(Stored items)
★ ★ ★

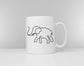 Elephant Mug - Minimal Elephant Print Coffee Mug - Elephant Themed Gifts - Elephants - Elephant Gift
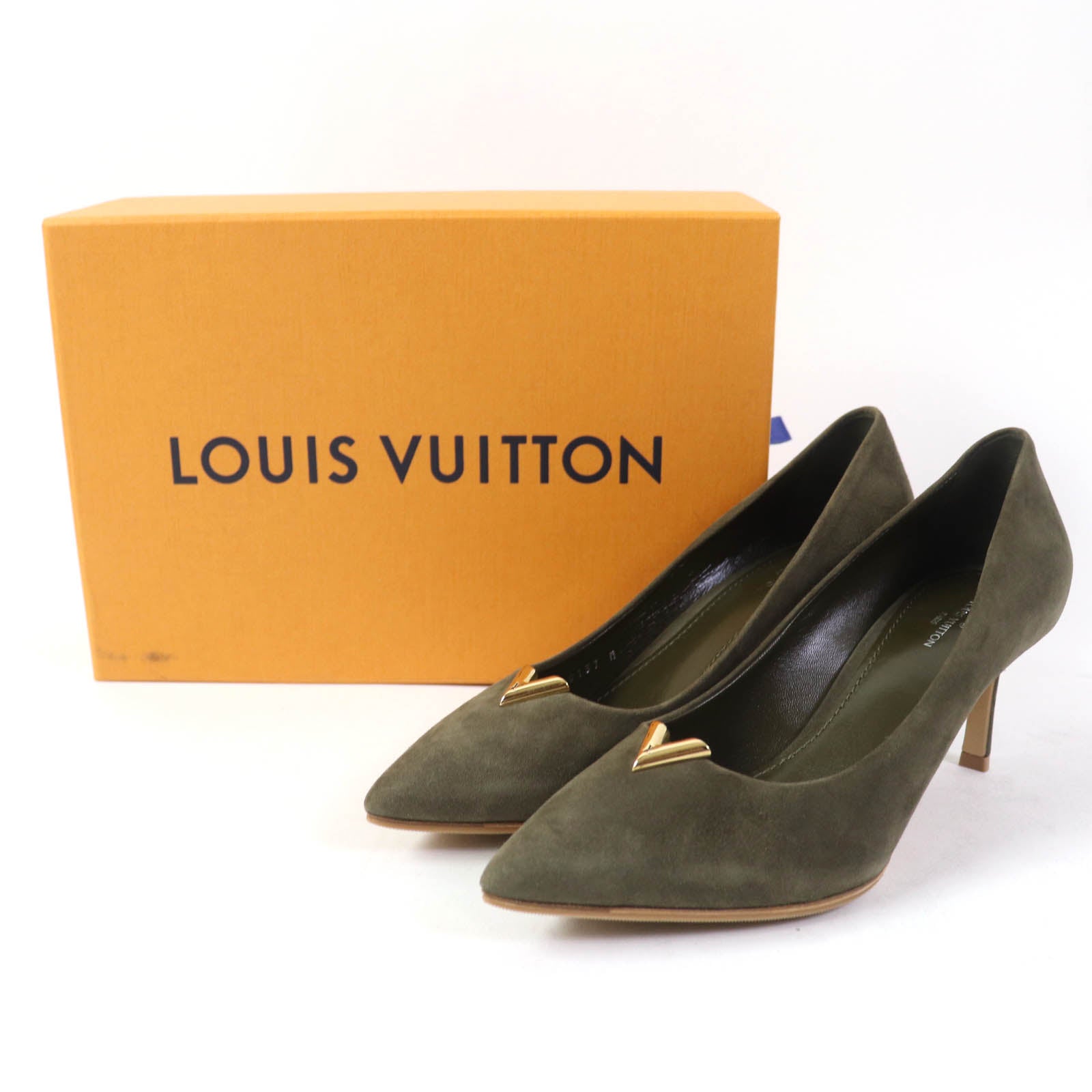 Louis Vuitton Suede Leather Pumps Khaki 37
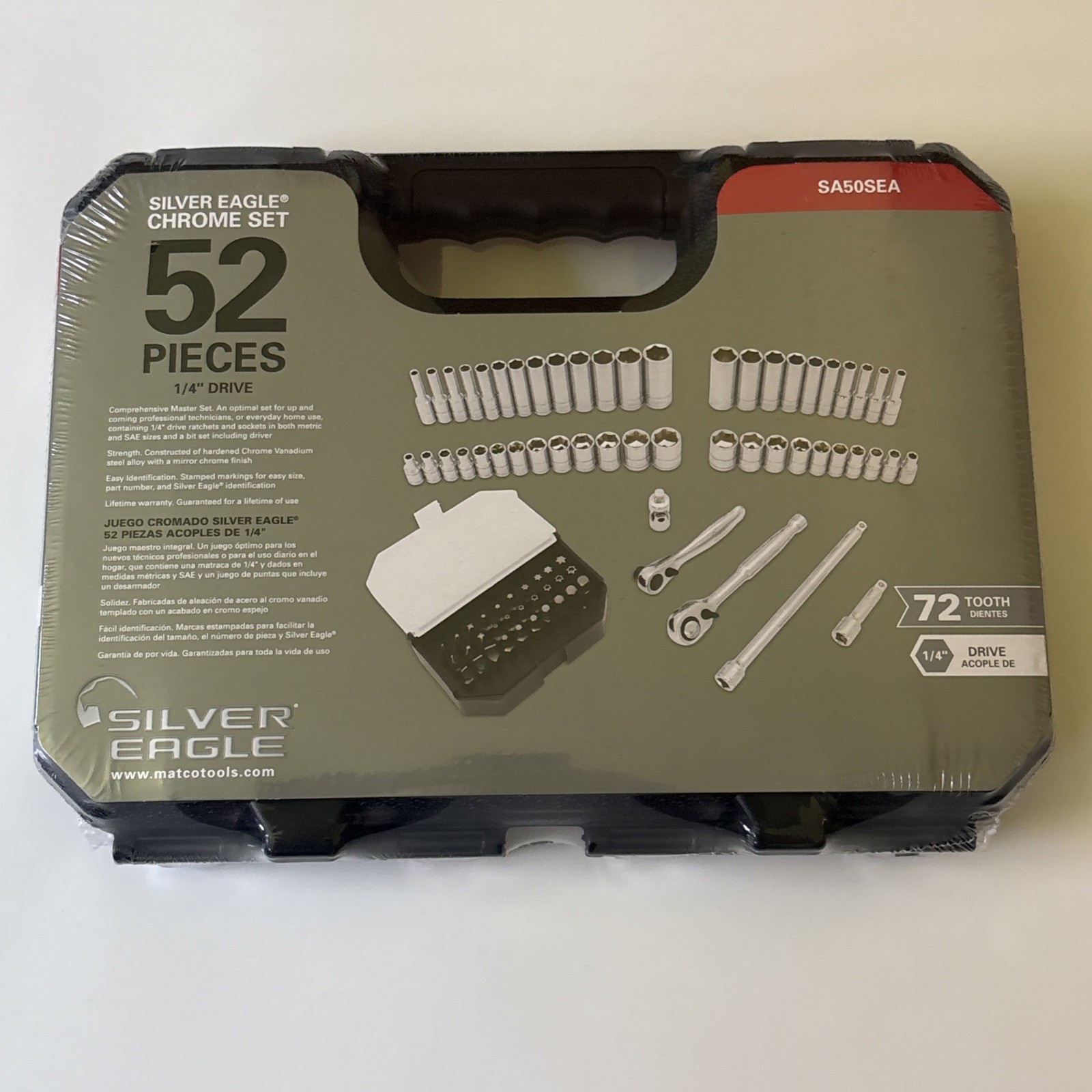 Matco Tools SA50SEA Silver Eagle 52pc Chrome 1/4” Drive Socket Ratchet Set NEW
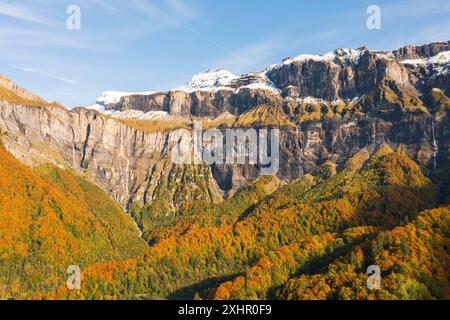 Frankreich, Haute-Savoie, Giffre Tal klassifiziert Sixt Fer ein Cheval, Cirque du Fer ein Cheval Grand Site de France Stockfoto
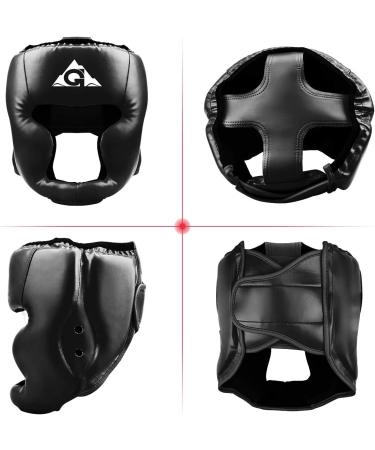 GROOFOO PU Leather Boxing Headgear for Kids and Adults - Ideal for Training, Kickboxing, MMA, Muay Thai, Sparring - Martial Arts Helmet for Karate and Taekwondo - Black (Large) - Buy Online on GoSupps.com
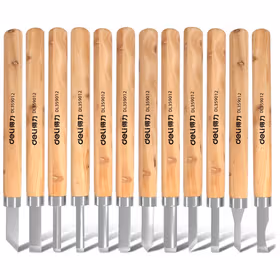 得力 木柄雕刻刀   12件套；DL359012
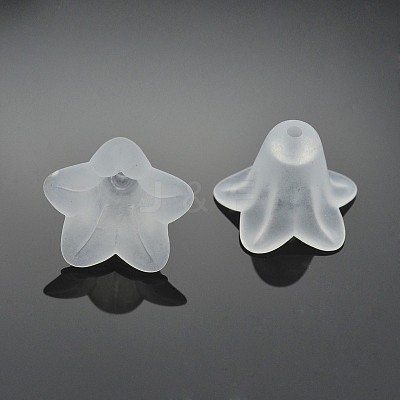 White Frosted Transparent Acrylic Flower Beads X-PLF018-01-1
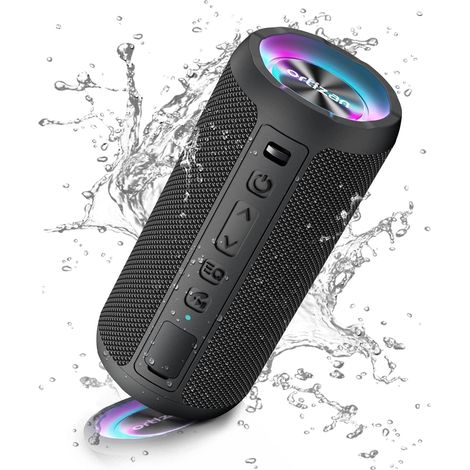 Portable Wireless Bluetooth Speaker with LED Light, IPX7 30H Playback, Louder Volume and Improved Bass, Durable for Travel, Outdoors (1/5)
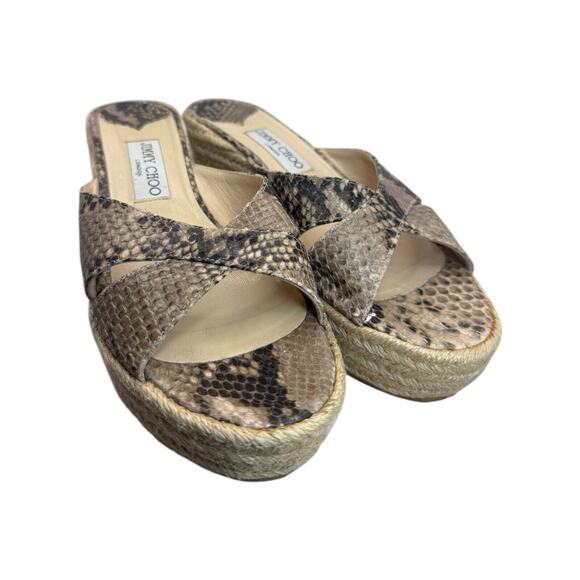 JIMMY CHOO Dovina Snake Embossed Espadrille Platform Wedge Women's Size 40 - Picture 3 of 16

★ ★ ★

WHAT THE TASK REQUIRES – Exactly as they appear, please return only the lines from the first line of the records through the line containing "Matco Tools SA50SEA", both included, leaving out all pictures.

ANSWER TO THE PROBLEM –
 Elephant Mug - Minimal Elephant Print Coffee Mug - Elephant Themed Gifts - Elephants - Elephant Gift
 Louis Vuitton Suede Leather Pumps Khaki 37
 Matco Tools SA50SEA Silver Eagle 52pc Chrome 1/4” Drive Socket Ratchet Set NEW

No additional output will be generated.